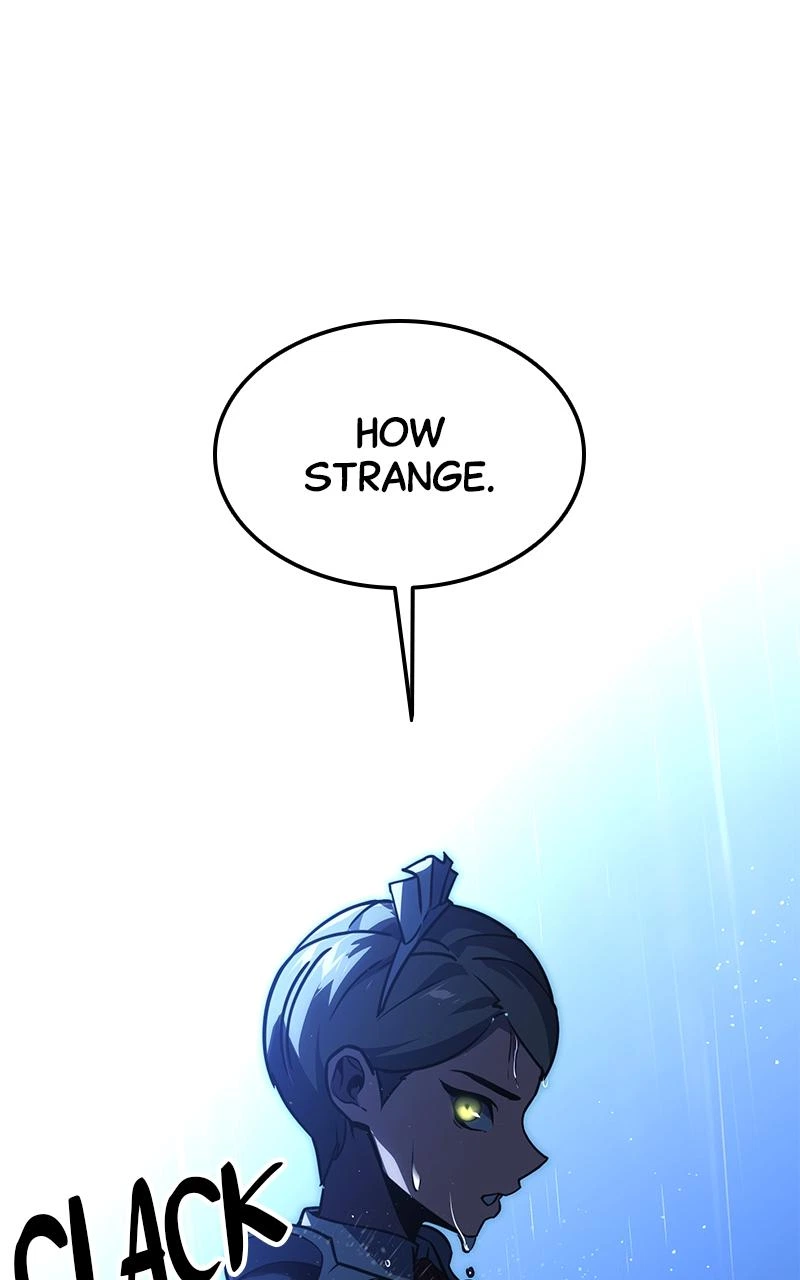 The Extra’s Academy Survival Guide Chapter 19 — page 192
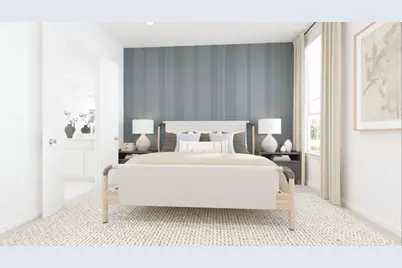 25814 Deep Blue Drive, Katy, TX 77493 - Photo 17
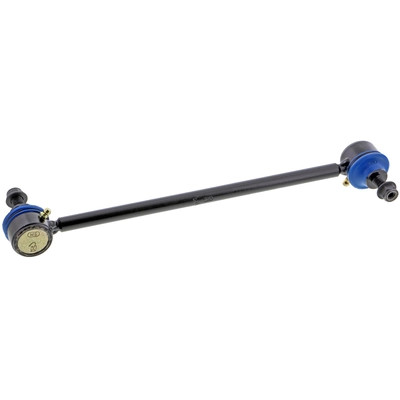 Sway Bar Link Or Kit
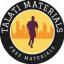  &laquo;Talati materials&copy;&raquo; telegram channel 
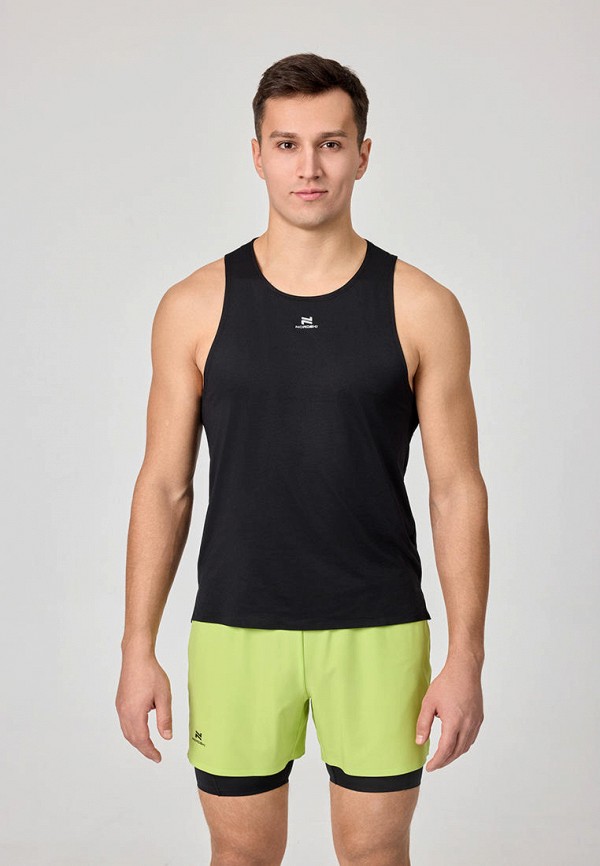 Nordski Майка спортивная - фото 1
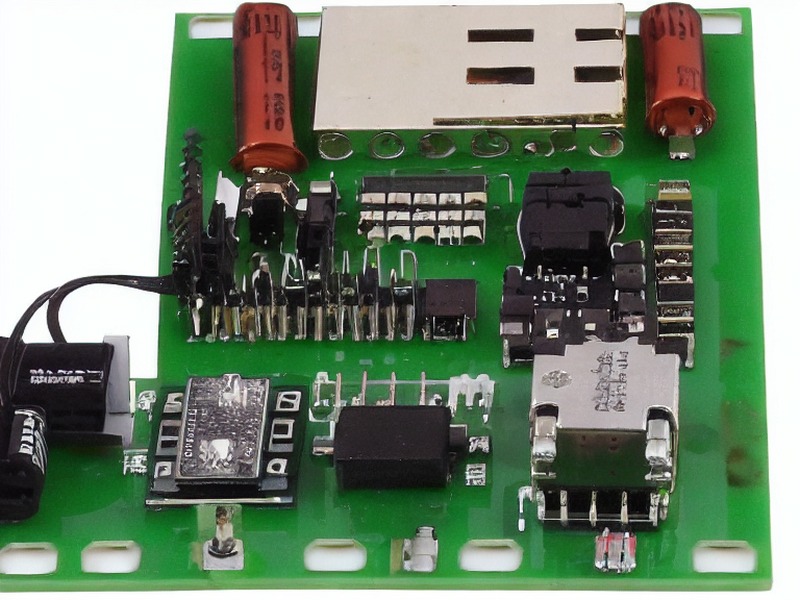 调试工具应用相关产品 2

→ Goal of the exercise: The task calls for repeating each line above exactly while excluding the pictures.

→ Output for this exercise:
 The Extra’s Academy Survival Guide Chapter 19 — page 192
 25814 Deep Blue Drive, Katy, TX 77493 - Photo 17
 Sway Bar Link Or Kit
  &laquo;Talati materials&copy;&raquo; telegram channel 
 Nordski Майка спортивная - фото 1
 调试工具应用相关产品 2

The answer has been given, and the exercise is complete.